*** Opening of Recorded information ***
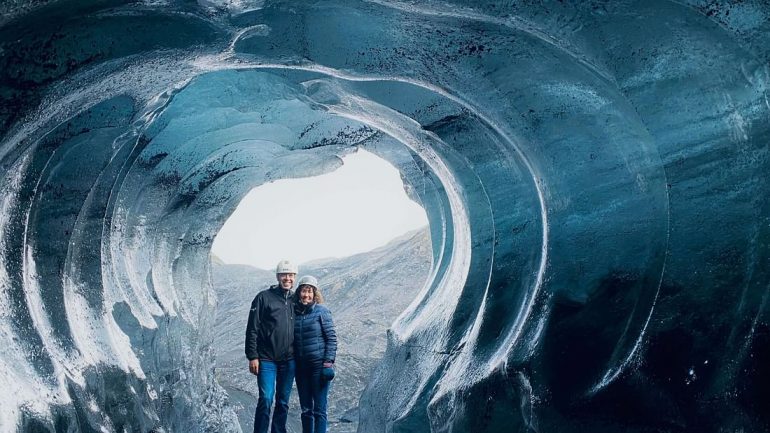 Dos personas de pie frente a la entrada de una cueva de hielo en Islandia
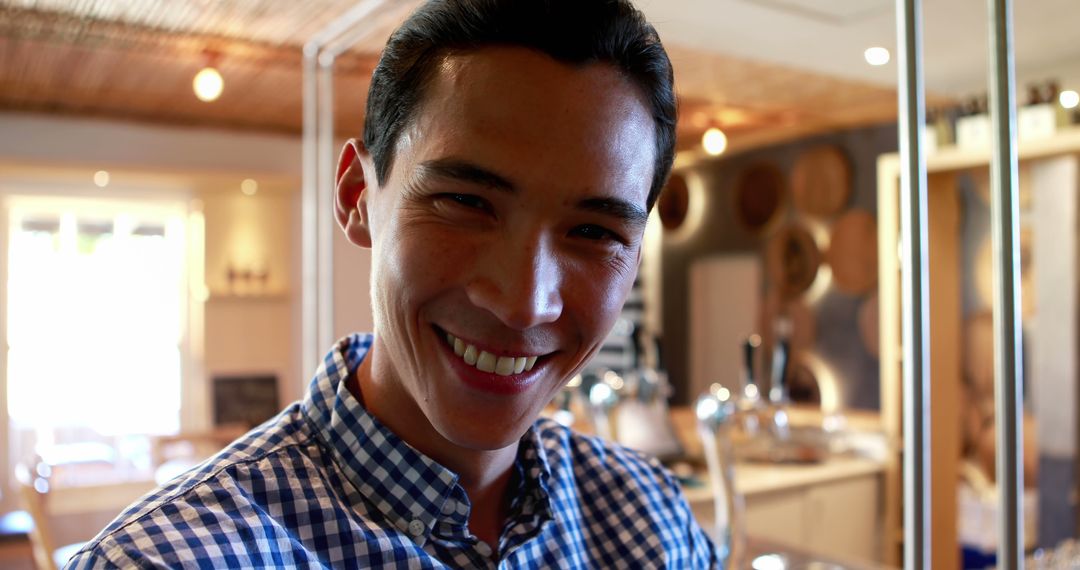 Smiling Young Man in Checkered Shirt Indoors Brightly Lit Room - Free Images, Stock Photos and Pictures on Pikwizard.com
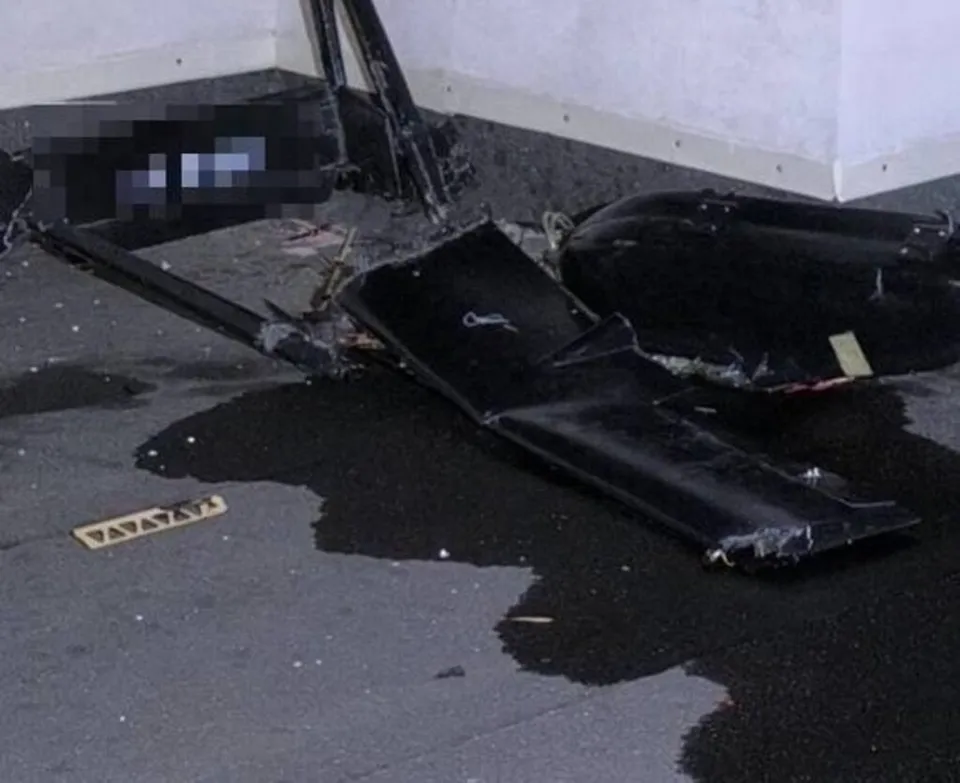 Fragmente negre de un obiect zburător sunt împrăștiate pe o suprafață asfaltată lângă un perete alb.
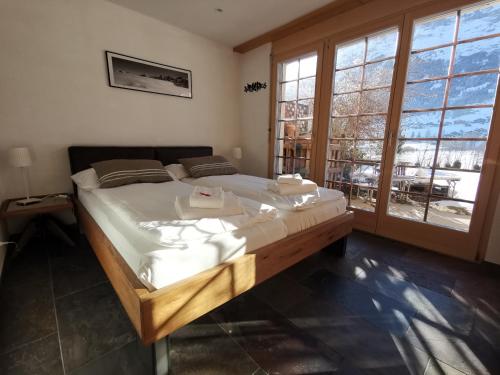 a large bed in a room with windows at Billabong in Grindelwald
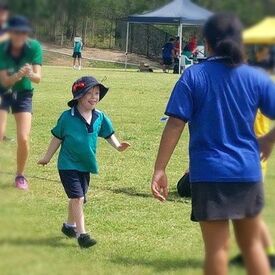Child being cheered while walking a sports field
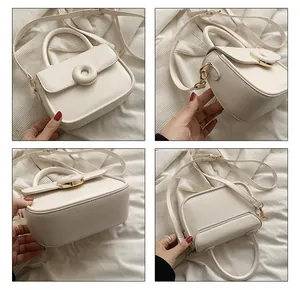 Detail view of cream white mini crossbody bag showing front, side, and bottom leather texture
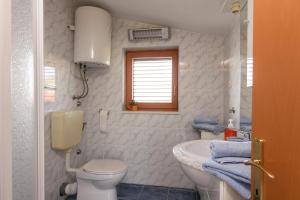 a bathroom with a toilet and a sink at Villa Marcelina in Seget Vranjica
*** Close of Recorded information ***
• _Work item_: No pictures belong in the copy. Transcribe every entry exactly.

• _Response to this task_:
 Dos personas de pie frente a la entrada de una cueva de hielo en Islandia
 Smiling Young Man in Checkered Shirt Indoors Brightly Lit Room - Free Images, Stock Photos and Pictures on Pikwizard.com
 Fragmente negre de un obiect zburător sunt împrăștiate pe o suprafață asfaltată lângă un perete alb.
 a large bed in a room with windows at Billabong in Grindelwald
Child being cheered while walking a sports field
 Detail view of cream white mini crossbody bag showing front, side, and bottom leather texture
 a bathroom with a toilet and a sink at Villa Marcelina in Seget Vranjica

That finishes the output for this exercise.